PROBLEM DESCRIPTION |
Exact copy, pictures excluded: set down only the lines from the one with "7310 Blue Water Drive, Castle Rock, CO 80108" through the end of the entries, keeping both end lines.

DATA IN THIS EXERCISE |
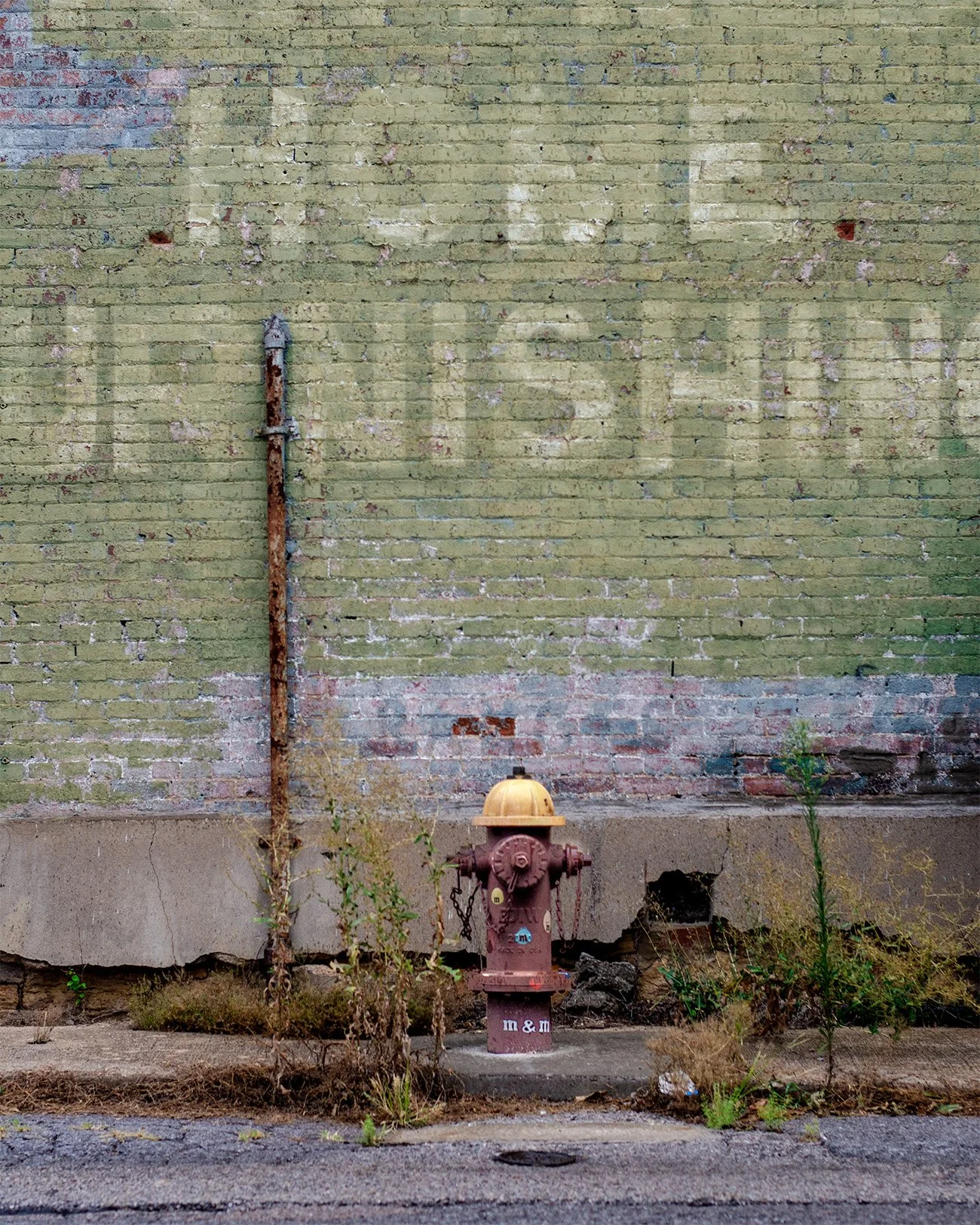 Ghost sign that says, "Home Furnishings," on a brick wall with a fire hydrant in the foreground.
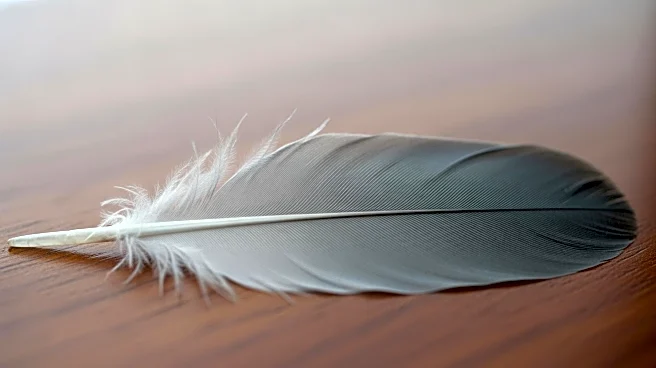 Drew Barrymore Embraces Gray Hair in New Transformation on Instagram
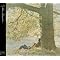 THE BEATLES as had been the album after LET IT BE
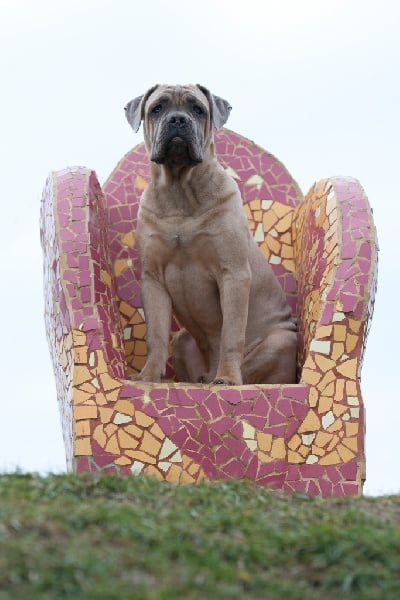CH. Terence Del rosso malpelo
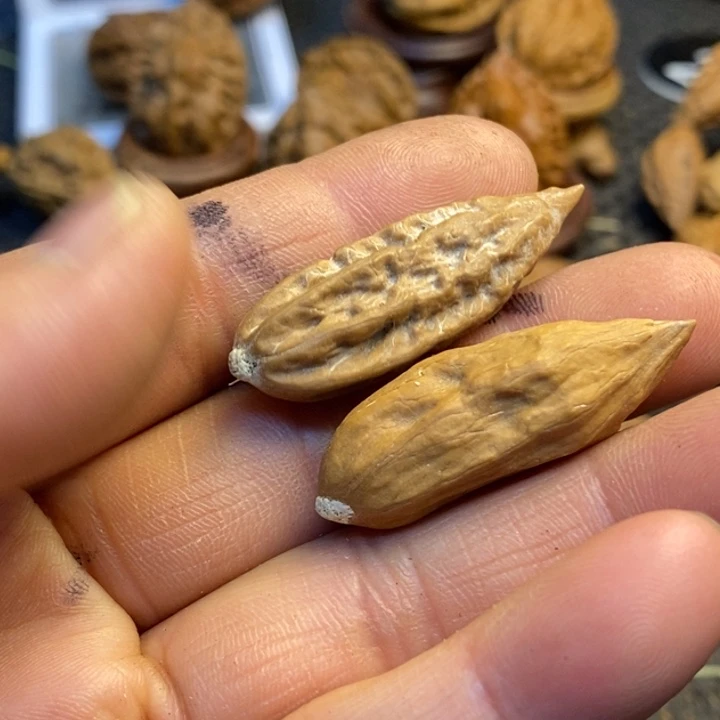 吊坠桃核娜姐真的158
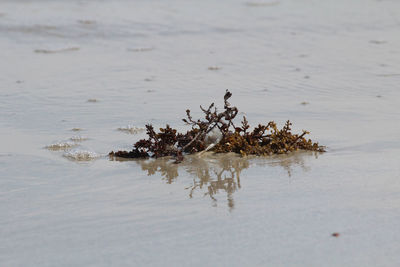 View of dead tree on beach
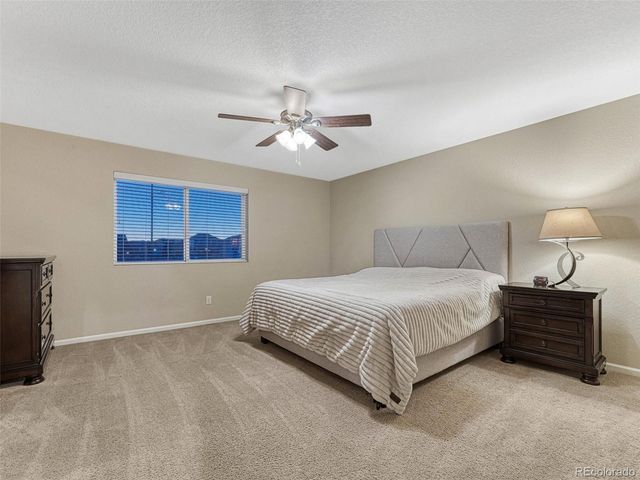 7310 Blue Water Drive, Castle Rock, CO 80108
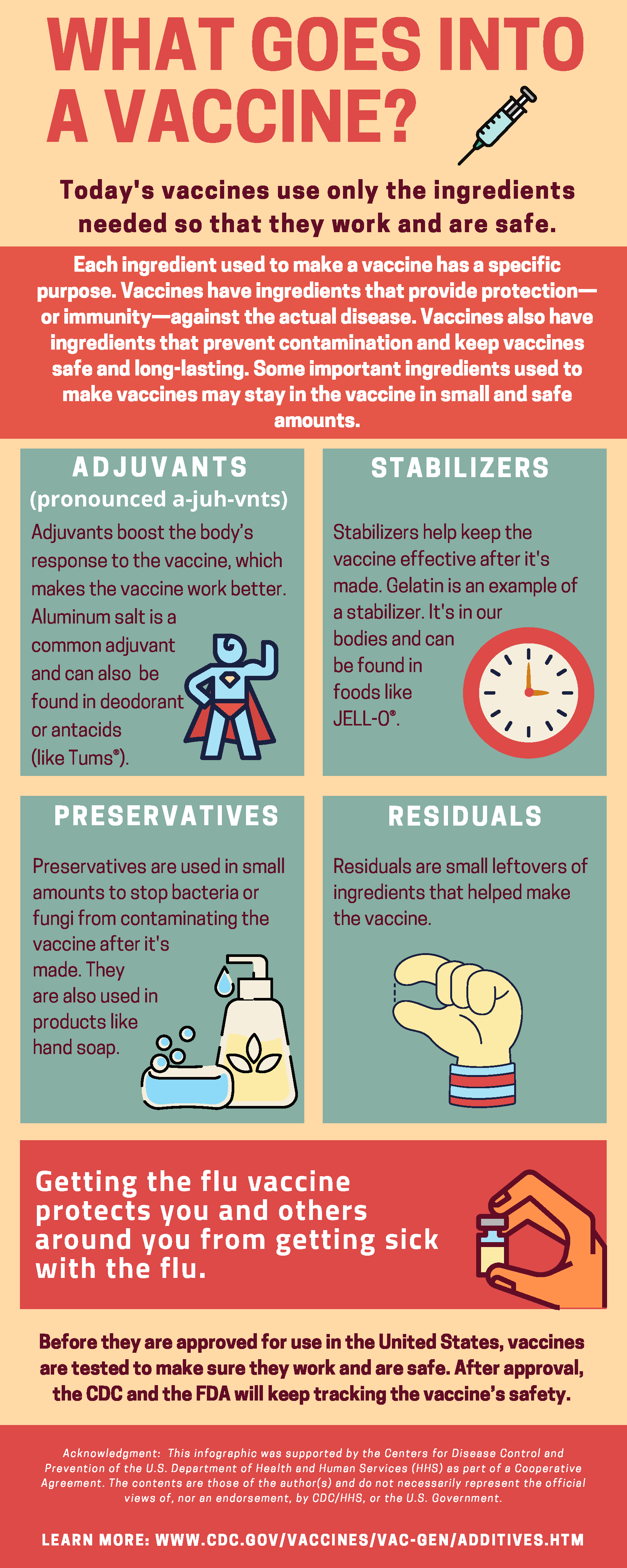 What goes into a vaccine factsheet provides information on important ingredients that are used in vaccines.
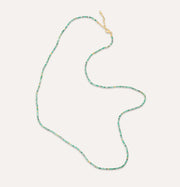 Forever and Ever Long Turquoise Necklace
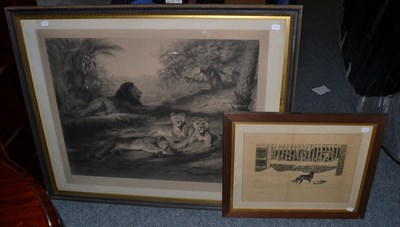 Lot 1108 - * Rosa Bonheur (1822-1899) Lions, pencil signed engraving, framed and glazed. 83cm by 104cm,...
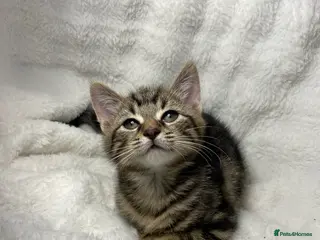 Mixed Breed cats Adorable Kitten Awaiting Their Forever Home🏡 - Advert 9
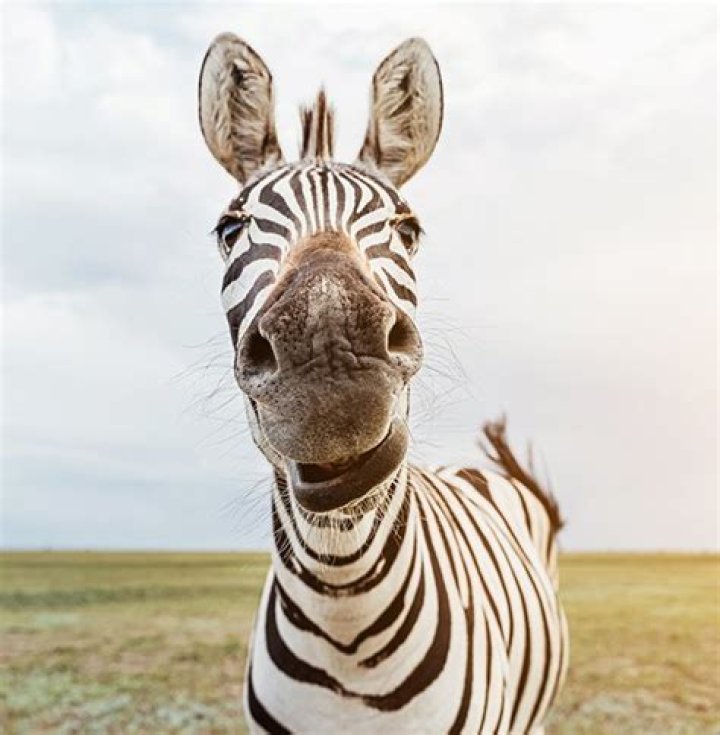 When zebras have stripes?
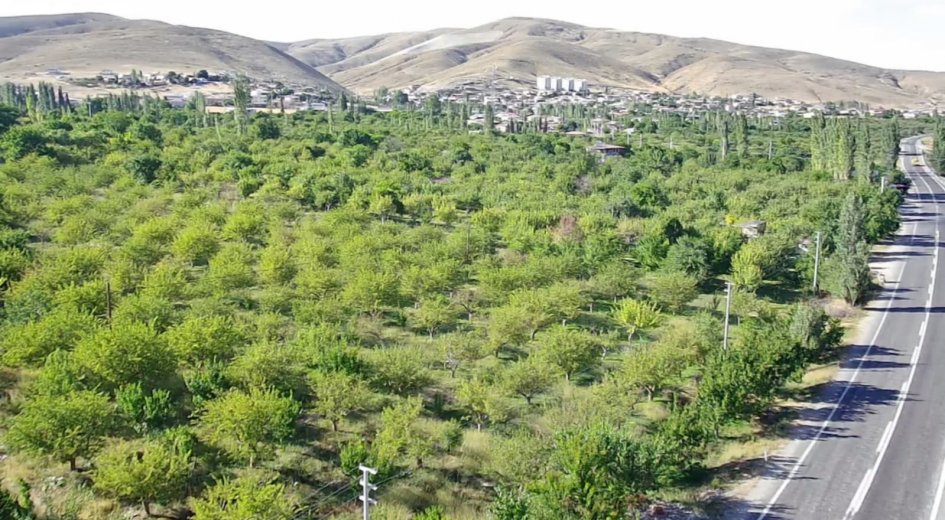 ANA YOLA ASFALTA SIFIR ELEKTRİK VE SU SORUNU OLMAYAN 	8.431 m² DİKİLİ BAHÇE - Fotoğraf 1 | Turasan Emlak Niğde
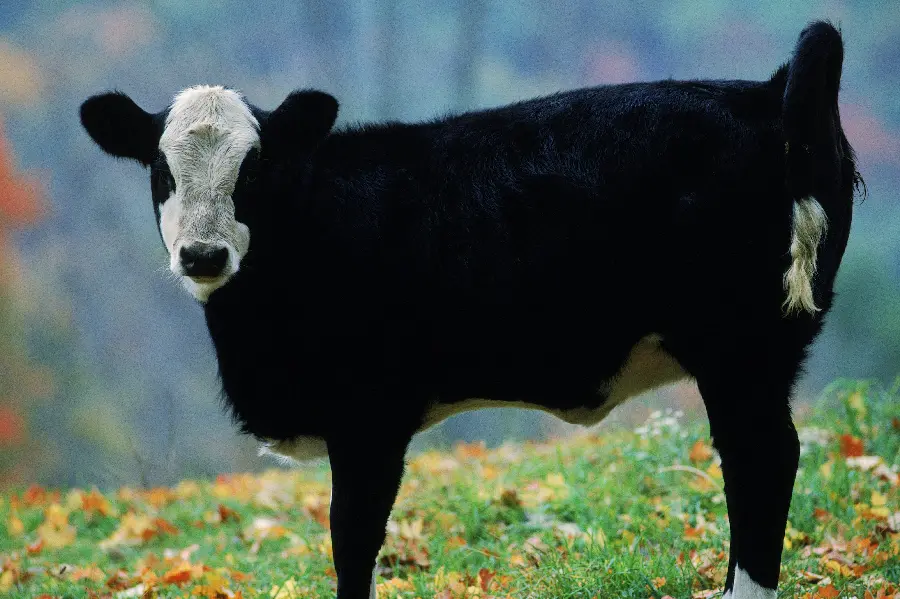 Photo of black cow in wildlife documentary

OUTPUT |
 7310 Blue Water Drive, Castle Rock, CO 80108
 What goes into a vaccine factsheet provides information on important ingredients that are used in vaccines.
 Forever and Ever Long Turquoise Necklace
 Lot 1108 - * Rosa Bonheur (1822-1899) Lions, pencil signed engraving, framed and glazed. 83cm by 104cm,...
 Mixed Breed cats Adorable Kitten Awaiting Their Forever Home🏡 - Advert 9
 When zebras have stripes?
 ANA YOLA ASFALTA SIFIR ELEKTRİK VE SU SORUNU OLMAYAN 	8.431 m² DİKİLİ BAHÇE - Fotoğraf 1 | Turasan Emlak Niğde
 Photo of black cow in wildlife documentary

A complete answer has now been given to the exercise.